Mrs. Douglas, a former Broadway star and Democratic Congresswoman from California, spoke in New Lecture Hall about our foreign policy as it relates to current problems in Hungary.

Recent Russian scientific achievements, culminating in the firing of Sputnik, have strengthened the Soviet Union's position in regard to the satellite nations, and the uncommitted areas of the world, she said. Lack of knowledge and of understanding of our problems, inter-service rivalries, and a "McCarthyist" idea that the secrets of the A-bomb could be "locked up" has lost this race for America, she charged. She also criticized our emphasis on "lethal weapons."

Frank Gardonyi, Secretary-General of the Association of Hungarian Students in the United States, expressed thanks on their behalf for the help they have received.
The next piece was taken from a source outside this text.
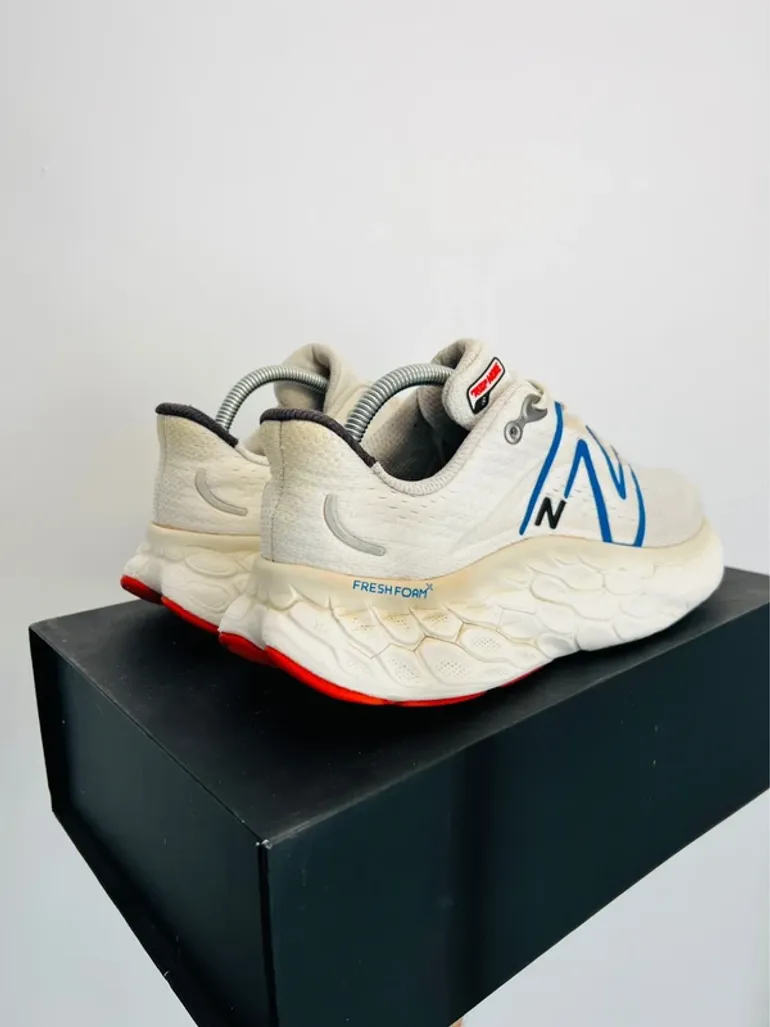 Used New Balance Fresh Foam More V4 bike — image 2 of 10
He awarded a citation to Charles H. Taylor '21, Master of Kirkland House, and Robert S. November '58 in thanks for the two scholarships for Hungarian students which Kirkland House raised last winter.

Samuel H. Beer, professor of Government and moderator of last night's ceremonies, commented on the relatively small number of refugees the U.S. has accepted. "Thirty-five thousand is not many," he said. "As a great power, we have hardly discharged our duties in standing for freedom."

The evening concluded with a showing of a film, smuggled out of Hungary, containing pictures of the demonstrations on Oct. 23, the subsequent fighting, and the Russian intervention.